De niño, veía escribir a papá y me maravillaba la precisión y belleza con que lo hacía. Mi padre hace del ejercicio de la escritura un acto creativo que conlleva belleza en la organicidad de símbolos que alcanza, es mucho más que un acto de comunicación, es hacerlo con la gracia como apellido, es cómo una bailarina danzando sobre el papel, la caligrafía de otros tiempos, unos que ya hemos perdido.
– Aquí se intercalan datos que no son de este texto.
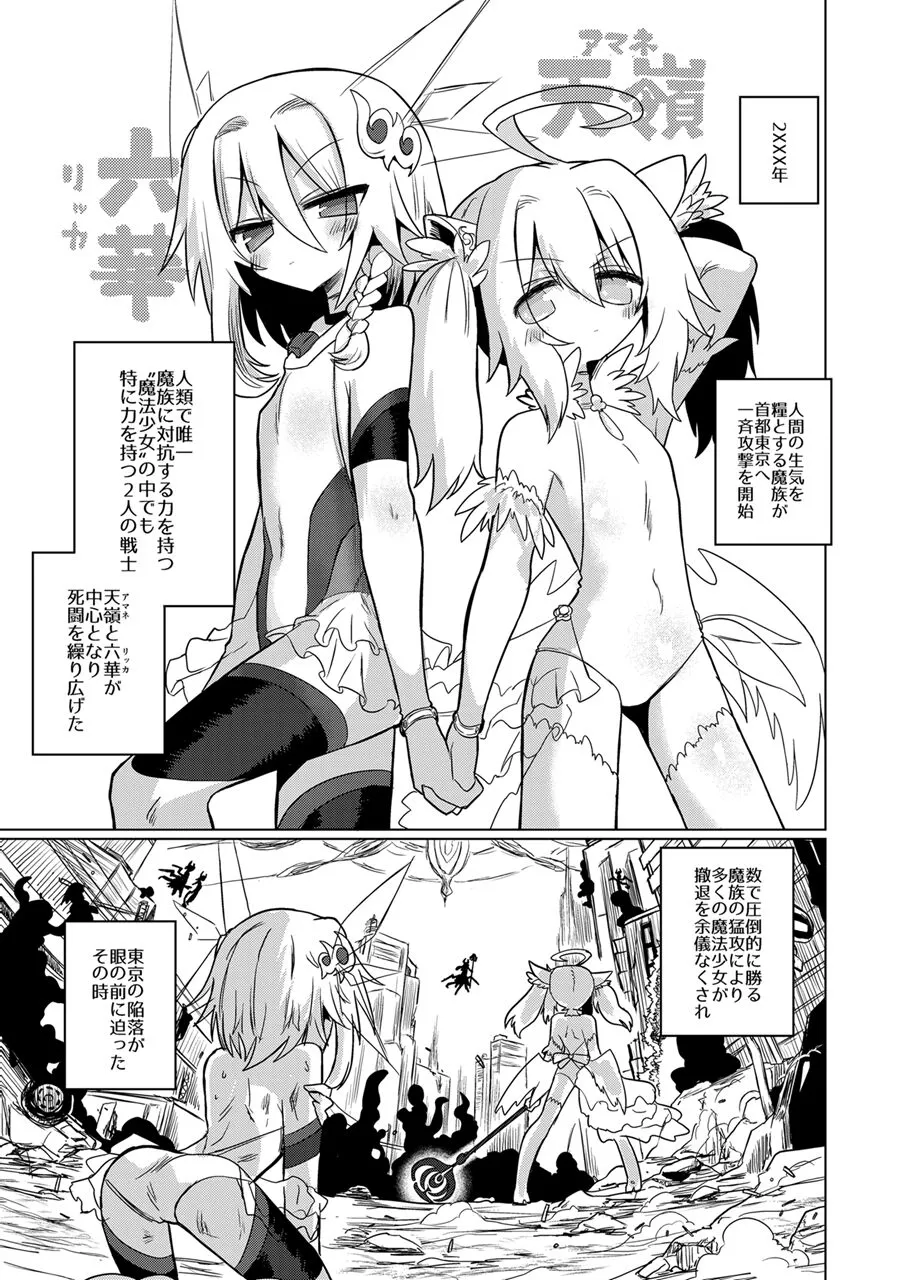 Onna Inma wa Mahou Shoujo ga Daisuki desu!! - Succubus loves Magical Girls. | Page 2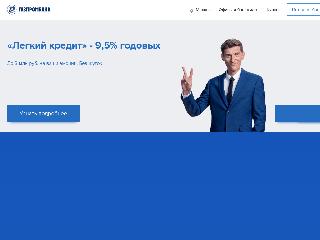 www.gazprombank.ru справка.сайт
Cuando tenía nueve años, me dejaron de tarea investigar lo que significaba una firma y que inventara la mía; en un fin de semana, que era cuando lo veía, le pedí ayuda a papá, con esa pluma que pareciera tener vida propia, en un instante la diseñó, un símbolo que contenía las iniciales de mi nombre y apellidos.
Todavía me tocó vivir tiempos donde la palabra empeñada era inquebrantable, “Le doy mi palabra” era una consigna poderosa que cerraba tratos y dónde las partes cumplían a cabalidad los acuerdos.
Después se volvió necesario protocolizar en papeles lo que las palabras decían, tal vez ahí, en ese momento para muchas personas la palabra perdió un poco de su peso específico. En los papeles la firma sustituyó a la palabra, desde entonces, el firmar algo, representa lo que en otra época empeñar la palabra significaba.
Si, con el paso del tiempo la palabra se ha pauperizado, se compromete sin el menor empacho, las sociedades están acostumbradas a mentir, por cualquier cosa, sin necesidad, muchas mentiras piadosas en la filosofía del maestro Joaquín Sabina, el reflejo de esas sociedades está en su clase política, Estados Unidos, México, Venezuela, Argentina, Bolivia, entre muchos otros países, son ejemplos donde los políticos mientes sin descaro, una, dos, cien, mil veces malinformando, confundiendo, normalizando la mentira y empujando a sus pueblos a la veneración, un círculo vicioso.
Me gusta pensar que mi firma, con el trazo decidido que él diseñó, lleva algo de nuestra tribu, de nuestro linaje. Su amor por el bien escribir, es algo que atesoro, desgraciadamente esa habilidad no la desarrollé, aunque aún puedo hacerlo.
Mi firma ha sido la misma por más de medio siglo, la descubro en las boletas de calificaciones de la primaria, en certificados, en papeles de la Universidad, del Tecnológico, en contratos de trabajo, en acuerdos con empresas, en tratos comerciales. En cada uno de esos documentos, esa firma contiene mi honesta intención de cumplir lo que me corresponde según el caso. Eso me enseñó papá.
Más que un trazo en papel, mi firma es la continuidad de una tradición de belleza y responsabilidad, una que tiene raíces en el arte de la caligrafía que mi padre tanto ama y respeta.
En la actualidad, nuestra firma se ha digitalizado, se ha transformado en un clic, es una sucesión de unos y ceros de lenguaje binario, los contratos en papel están condenados a desaparecer, me parece que alcanzaré esa transición, el papel será solo un dulce recuerdo para los más viejos, un material donde podíamos sobre él, dibujar nuestro nombre y en ese acto, comprometernos, teniendo de testigo a nuestro linaje.